Après les condamnations d’usage et répétitifs que l’on énoncent sans conviction dans ces rencontres à l’égard des groupes armés, les dirigeants présents à cette réunion d’évaluation de New-York ont salué les efforts du président Kabila et de son gouvernement pour avoir établi des indicateurs de suivi et la mise en oeuvre de certaines réformes tout en l’encourageant à continuer dans ce sens. (Communiqué final à lire ici)
Les réunions de ce type étant plus formelles que pratiques, il est évident que le congolais n’ait pas la même perception que les bureaucrates de New-York.

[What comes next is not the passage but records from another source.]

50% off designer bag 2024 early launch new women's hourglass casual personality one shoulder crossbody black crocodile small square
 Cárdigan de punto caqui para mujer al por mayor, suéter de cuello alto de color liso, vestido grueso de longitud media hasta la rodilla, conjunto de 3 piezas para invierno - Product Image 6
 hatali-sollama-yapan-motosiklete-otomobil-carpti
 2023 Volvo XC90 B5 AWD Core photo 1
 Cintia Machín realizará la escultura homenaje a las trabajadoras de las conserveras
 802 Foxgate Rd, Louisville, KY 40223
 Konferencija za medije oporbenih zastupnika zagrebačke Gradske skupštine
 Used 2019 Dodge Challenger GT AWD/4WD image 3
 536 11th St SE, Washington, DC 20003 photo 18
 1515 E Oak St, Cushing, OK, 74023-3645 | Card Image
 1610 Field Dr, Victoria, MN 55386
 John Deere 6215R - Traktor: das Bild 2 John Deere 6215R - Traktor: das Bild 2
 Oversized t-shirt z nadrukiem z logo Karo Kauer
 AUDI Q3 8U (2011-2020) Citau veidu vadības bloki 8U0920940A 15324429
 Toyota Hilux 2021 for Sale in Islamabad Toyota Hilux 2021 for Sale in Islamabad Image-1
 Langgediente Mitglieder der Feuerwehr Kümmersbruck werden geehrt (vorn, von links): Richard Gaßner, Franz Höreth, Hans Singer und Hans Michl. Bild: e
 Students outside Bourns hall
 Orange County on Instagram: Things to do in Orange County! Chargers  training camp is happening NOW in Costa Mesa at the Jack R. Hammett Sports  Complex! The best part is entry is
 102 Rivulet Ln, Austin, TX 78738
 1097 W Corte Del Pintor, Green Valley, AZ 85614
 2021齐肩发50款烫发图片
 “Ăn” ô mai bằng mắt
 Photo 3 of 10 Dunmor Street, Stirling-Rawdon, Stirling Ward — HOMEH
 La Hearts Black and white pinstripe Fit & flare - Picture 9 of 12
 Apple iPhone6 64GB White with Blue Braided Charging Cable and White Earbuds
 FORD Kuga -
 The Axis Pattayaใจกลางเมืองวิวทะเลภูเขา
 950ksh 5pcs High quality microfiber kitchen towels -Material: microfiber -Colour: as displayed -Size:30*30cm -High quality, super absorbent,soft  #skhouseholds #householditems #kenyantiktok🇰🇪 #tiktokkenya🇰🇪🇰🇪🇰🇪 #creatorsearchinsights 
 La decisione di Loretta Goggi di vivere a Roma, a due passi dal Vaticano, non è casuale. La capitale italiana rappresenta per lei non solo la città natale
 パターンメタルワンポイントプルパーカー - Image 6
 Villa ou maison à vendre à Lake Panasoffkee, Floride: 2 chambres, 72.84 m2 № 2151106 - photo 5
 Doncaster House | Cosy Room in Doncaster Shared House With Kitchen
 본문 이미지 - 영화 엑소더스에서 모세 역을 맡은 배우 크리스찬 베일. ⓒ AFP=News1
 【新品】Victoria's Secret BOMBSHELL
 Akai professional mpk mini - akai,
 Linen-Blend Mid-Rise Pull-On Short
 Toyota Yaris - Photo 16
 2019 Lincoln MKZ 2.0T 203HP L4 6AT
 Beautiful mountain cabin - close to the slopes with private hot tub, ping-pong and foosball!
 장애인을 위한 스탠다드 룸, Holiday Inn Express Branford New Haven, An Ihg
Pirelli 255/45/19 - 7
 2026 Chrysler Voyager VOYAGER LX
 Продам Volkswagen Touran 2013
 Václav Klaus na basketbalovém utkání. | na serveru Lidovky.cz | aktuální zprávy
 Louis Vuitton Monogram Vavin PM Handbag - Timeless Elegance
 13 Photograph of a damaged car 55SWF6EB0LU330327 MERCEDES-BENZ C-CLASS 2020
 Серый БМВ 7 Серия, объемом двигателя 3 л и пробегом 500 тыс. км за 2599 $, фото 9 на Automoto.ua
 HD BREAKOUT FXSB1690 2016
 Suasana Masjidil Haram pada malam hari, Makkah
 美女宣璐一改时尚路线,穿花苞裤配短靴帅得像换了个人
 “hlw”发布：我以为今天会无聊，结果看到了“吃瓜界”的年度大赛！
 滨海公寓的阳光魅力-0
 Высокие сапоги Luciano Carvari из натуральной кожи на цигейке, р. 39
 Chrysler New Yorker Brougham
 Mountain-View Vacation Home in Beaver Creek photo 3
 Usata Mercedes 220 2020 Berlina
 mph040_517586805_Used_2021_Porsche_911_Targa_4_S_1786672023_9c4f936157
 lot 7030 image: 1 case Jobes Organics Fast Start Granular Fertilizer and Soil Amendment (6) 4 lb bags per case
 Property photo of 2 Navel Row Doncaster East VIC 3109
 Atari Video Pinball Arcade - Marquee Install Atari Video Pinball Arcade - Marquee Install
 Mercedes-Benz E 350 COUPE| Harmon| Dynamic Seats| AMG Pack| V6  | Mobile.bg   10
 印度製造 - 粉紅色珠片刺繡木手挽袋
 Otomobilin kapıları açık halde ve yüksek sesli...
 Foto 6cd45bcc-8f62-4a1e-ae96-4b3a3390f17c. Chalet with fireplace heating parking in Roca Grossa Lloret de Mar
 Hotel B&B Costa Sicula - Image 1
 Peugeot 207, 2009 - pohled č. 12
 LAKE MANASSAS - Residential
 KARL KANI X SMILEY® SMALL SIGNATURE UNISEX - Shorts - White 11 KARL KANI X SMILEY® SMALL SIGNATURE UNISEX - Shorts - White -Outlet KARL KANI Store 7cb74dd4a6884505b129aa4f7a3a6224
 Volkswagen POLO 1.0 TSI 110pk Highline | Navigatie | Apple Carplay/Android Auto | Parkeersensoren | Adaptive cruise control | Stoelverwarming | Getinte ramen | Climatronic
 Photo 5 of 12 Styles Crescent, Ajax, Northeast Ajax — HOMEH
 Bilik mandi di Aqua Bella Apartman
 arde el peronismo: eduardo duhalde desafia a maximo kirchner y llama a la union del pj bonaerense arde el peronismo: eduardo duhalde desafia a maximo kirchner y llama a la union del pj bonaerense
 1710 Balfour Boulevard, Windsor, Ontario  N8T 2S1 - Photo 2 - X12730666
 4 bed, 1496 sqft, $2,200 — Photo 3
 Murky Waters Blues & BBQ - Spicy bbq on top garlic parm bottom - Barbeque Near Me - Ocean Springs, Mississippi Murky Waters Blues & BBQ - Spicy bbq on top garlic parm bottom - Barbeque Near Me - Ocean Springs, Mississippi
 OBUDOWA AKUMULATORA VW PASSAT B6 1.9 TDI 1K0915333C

Certes, ces « avancées » sont mesurables, mais elles ne sont pas encore visibles aux yeux de la population qui devra attendre beaucoup plus longtemps avant d’en juger les progrès et les résultats.

De nouveaux généraux et officiers ont été nommés et d’autres jugés moins utiles mis à la retraite par ordonnance présidentielle au mois de juillet et depuis le rapport de force au front de l’Est a changé de camps. Les forces armées ont repris au Nord-Kivu des localités aux mains des rebelles et retrouvé la confiance et la fierté d’une population jadis méfiante à leur égard.
Les institutions de l’Etat mettront du temps avant que l’on voit ne fusse qu’un changement minime malgré les nombreux audits administratifs et financiers auxquels le gouvernement s’est engagé pour dégraisser la masse des fonctionnaires et contrôler les finances publiques. Il en est de même pour les conditions sociales sont toujours aussi médiocres. Les services de base (eau, électricité, soins médicaux, transport) restent inégalement réparties ou inexistants et malgré toutes les bonnes intentions et volontés nationales, régionales et internationales, ce n’est sûrement pas en quelques semaines que l’on sortira la tête du marigot.
La décentralisation est en pleine discussion au parlement comme au gouvernement et est très mal comprise et appréciée par la population qui y voit les germes d’une « balkanisation déguisée ». Le gouvernement sous pression internationale s’y est pris fort tard et tente de mettre les bouchées doubles pour faire passer le message.
La cohésion nationale, nouveau leitmotiv politique du pouvoir passe en ce moment par les Concertations Nationales qui au départ devait rassembler toutes les couches de la population mais surtout les antagonistes politiques. Ces derniers ayant décliné l’invitation, il faudra trouver une autre solution pour réconcilier pouvoir et opposition sur un même thème. La restauration de l’autorité de l’Etat dépendra de la visibilité des réformes mises en œuvres.

L’évaluation des progrès constatés par ce mini sommet de New-York marque sans doute une étape essentielle dans le processus de paix amorcé depuis Addis-Abeba. Il met à l’épreuve la capacité des différents leaders des pays impliqués à trouver une issue au conflit qui déchire la région depuis deux décennies tout en rappelant que ce n’est pas la première fois que l’on se congratule en haut lieu alors que sur le terrain les faits indiquent le contraire. Le peu d’intérêt que les congolais accordent à ces rencontres montrent à suffisance la lassitude qu’elles ont engendré au fil des ans. A ce stade, on ne peut attendre mieux de la part de Kabila et de son gouvernement, mais on peut se poser la question de savoir pourquoi ont-ils attendu une crise si profonde pour mettre en place des réformes nationales aussi utiles que nécessaires?

Comme l’a dit l’un des intervenants à cette réunion directement concerné par la situation: « Let’s translate words into action ». L’issue des pourparlers de Kampala, dont le président Museveni a été félicité pour ses bons offices, prévue cette semaine en sera une des premières indications, « wait and see ».